Closed kylefoley76 closed 4 years ago
I forgot to put the traceback
Traceback (most recent call last):
File "/Applications/PyCharm CE.app/Contents/plugins/python-ce/helpers/pydev/_pydevd_bundle/pydevd_resolver.py", line 178, in _getPyDictionary
attr = getattr(var, n)
AttributeError: Extensions
Traceback (most recent call last):
File "/Applications/PyCharm CE.app/Contents/plugins/python-ce/helpers/pydev/pydevd.py", line 1434, in _exec
pydev_imports.execfile(file, globals, locals) # execute the script
File "/Applications/PyCharm CE.app/Contents/plugins/python-ce/helpers/pydev/_pydev_imps/_pydev_execfile.py", line 18, in execfile
exec(compile(contents+"\n", file, 'exec'), glob, loc)
File "/Users/kylefoley/codes/pcode/other/text2audio.py", line 287, in <module>
audio2txt()
File "/Users/kylefoley/codes/pcode/other/text2audio.py", line 22, in __init__
self.loop_audio2txt()
File "/Users/kylefoley/codes/pcode/other/text2audio.py", line 55, in loop_audio2txt
self.sample_recognize()
File "/Users/kylefoley/codes/pcode/other/text2audio.py", line 88, in sample_recognize
response = operation.result()
File "/Users/kylefoley/codes/venv/lib/python3.8/site-packages/google/api_core/future/polling.py", line 130, in result
raise self._exception
google.api_core.exceptions.GoogleAPICallError: None Too many retries, giving up.
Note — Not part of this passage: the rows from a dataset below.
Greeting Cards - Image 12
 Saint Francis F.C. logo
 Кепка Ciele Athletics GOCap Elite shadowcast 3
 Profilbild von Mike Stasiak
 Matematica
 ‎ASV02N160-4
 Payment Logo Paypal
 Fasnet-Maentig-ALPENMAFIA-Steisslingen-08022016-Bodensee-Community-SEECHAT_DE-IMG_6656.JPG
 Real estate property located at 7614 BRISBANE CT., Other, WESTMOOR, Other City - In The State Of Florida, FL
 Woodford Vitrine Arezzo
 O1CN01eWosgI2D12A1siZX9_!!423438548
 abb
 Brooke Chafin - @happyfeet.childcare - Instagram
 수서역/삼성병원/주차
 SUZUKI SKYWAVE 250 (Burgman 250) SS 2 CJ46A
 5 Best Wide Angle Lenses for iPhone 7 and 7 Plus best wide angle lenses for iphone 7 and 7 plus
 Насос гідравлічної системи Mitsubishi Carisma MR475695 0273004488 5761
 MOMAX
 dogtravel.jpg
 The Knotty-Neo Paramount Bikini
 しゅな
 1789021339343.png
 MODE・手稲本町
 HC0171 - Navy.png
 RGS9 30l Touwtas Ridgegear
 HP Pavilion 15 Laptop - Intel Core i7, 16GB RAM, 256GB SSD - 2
@kylefoley76 there was a breaking change that related to enums and types are no longer supported google python repos.
I don't understand what you mean. The example code still uses enums
found here
https://googleapis.dev/python/speech/latest/index.html
from google.cloud import speech_v1
from google.cloud.speech_v1 import enums
client = speech_v1.SpeechClient()
encoding = enums.RecognitionConfig.AudioEncoding.FLAC
sample_rate_hertz = 44100
language_code = 'en-US'
config = {'encoding': encoding, 'sample_rate_hertz': sample_rate_hertz, 'language_code': language_code}
uri = 'gs://bucket_name/file_name.flac'
audio = {'uri': uri}
response = client.recognize(config, audio)
Are you saying that this line of code is incorrect?
encoding = enums.RecognitionConfig.AudioEncoding.FLAC
If so, what is the correct line of code then?
Hi @kylefoley76 ,
Have you tried using this sample for long_running_recognize
?
That doesn't work. I still get
google.api_core.exceptions.InvalidArgument: 400 Request payload size exceeds the limit: 10485760 bytes
I'm supposed to upload it to the cloud but they do not show what syntax to use when you upload it to the cloud. With the following code
client = speech_v1.SpeechClient()
storage_uri = self.storage_uri
sample_rate_hertz = 16000
language_code = "en-US"
encoding = enums.RecognitionConfig.AudioEncoding.FLAC
#encoding = enums.RecognitionConfig.AudioEncoding.LINEAR16
config = {
"sample_rate_hertz": sample_rate_hertz,
"language_code": language_code,
"encoding": encoding,
}
audio = {"uri": storage_uri}
operation = client.long_running_recognize(config, audio, timeout=240)
print(u"Waiting for operation to complete...")
self.response = operation.result()
The audio object is a dictionary but when you use the code that you mentioned the dictionary object is not acceptable but requires a bytes object. I cannot figure out to get a bytes object from the file uploaded to the cloud.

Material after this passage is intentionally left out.